Lawyers' privileges
A recent post by Eugene Volokh describes a legal case which hinges on a rule of libel law that most people are likely unaware of:
“It has long been the law of Pennsylvania that statements made by judges, attorneys, witnesses and parties in the course of or pertinent to any stage of judicial proceedings are absolutely privileged and, therefore, cannot form the basis for liability for defamation.”

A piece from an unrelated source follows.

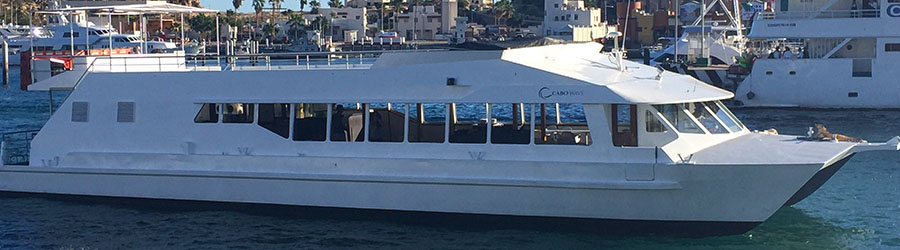 Wild Cabo Cabo Wave 7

Volokh makes no comment of his own regarding the merits of this rule, but I have seen a devastating comment on rules of that sort, made by Thomas Babington Macaulay in his Notes on the Indian Penal Code. The setting is not quite the same, but it’s close enough:
… the crime of deliberately and knowingly asserting falsehoods in pleading. Our opinions on this subject may startle persons accustomed to that boundless license which the English law allows to mendacity in suitors. On what principle that license is allowed we must confess ourselves unable to discover. A. lends Z. money; Z repays it. A. brings an action against Z. for the money, and affirms in his declaration that he lent the money, and has never been repaid. On the trial A.’s receipt is produced. It is not doubted. A. himself cannot deny that he asserted a falsehood in his declaration. Ought A. to enjoy impunity? Again: Z. brings an action against A. for a debt which is really due. A.’s plea is a positive averment that he owes Z. nothing. The case comes to trial; and it is proved by overwhelming evidence that the debt is a just debt. A. does not even attempt a defence. Ought A. in this case to enjoy impunity? If, in either of the cases which we have stated, A. were to suborn witnesses to support the lie which he has put on the pleadings, every one of these witnesses, as well as A. himself, would be liable to severe punishment. But false evidence in the vast majority of cases springs out of false pleading, and would be almost entirely banished from the Courts if false pleading could be prevented.
It appears to us that all the marks which indicate that an act is a proper subject for legal punishment meet in the act of false pleading. That false pleading always does some harm is plain. Even when it is not followed up by false evidence it always delays justice. That false pleading produces any compensating good to atone for this harm has never, as far as we know, been even alleged. That false pleading will be more common if it is unpunished than if it is punished appears as certain as that rape, theft, embezzlement, would, if unpunished, be more common than they now are. It is evident also that there will be no more difficulty in trying a charge of false pleading than in trying a charge of false evidence. The fact that a statement has been made in pleading will generally be more clearly proved than the fact that a statement has been made in evidence. The falsehood of a statement made in pleading will be proved in exactly the same manner in which the falsehood of a statement made in evidence is proved. Whether the accused person knew that he was pleading falsely, the Courts will determine on the same evidence on which they now determine whether a witness knew that he was giving false testimony.
We have as yet spoken only of the direct injury produced to honest litigants by false pleading. But this injury appears to us to be only a part, and perhaps not the greatest part, of the evil engendered by the practice. If there be any place where truth ought to be held in peculiar honour, from which falsehoods ought to be driven with peculiar severity, in which exaggerations, which elsewhere would be applauded as the innocent sport of the fancy, or pardoned as the natural effect of excited passion, ought to be discouraged, that place is a Court of Justice. We object, therefore, to the use of legal fictions, even when the meaning of those fictions is generally understood, and we have done our best to exclude them from this code. But that a person should come before a Court, should tell that Court premeditated and circumstantial lies for the purpose of preventing or postponing the settlement of a just demand, and that by doing so he should incur no punishment whatever, seems to us to be a state of things to which nothing but habit could reconcile wise and virtuous men. Public opinion is vitiated by the vicious state of the law. Men who, in any other circumstances, would shrink from falsehood, have no scruple about setting up false pleas against just demands. There is one place, and only one, where deliberate untruths, told with the intent to injure, are not considered discreditable, and that place is a Court of Justice. Thus the authority of the tribunals operates to lower the standard of morality, and to diminish the exteem in which veracity is held; and the very place which ought to be kept sacred from misrepresentations, such as would elsewhere be venial, becomes the only place where it is considered as idle scrupulosity to shrink from deliberate falsehood.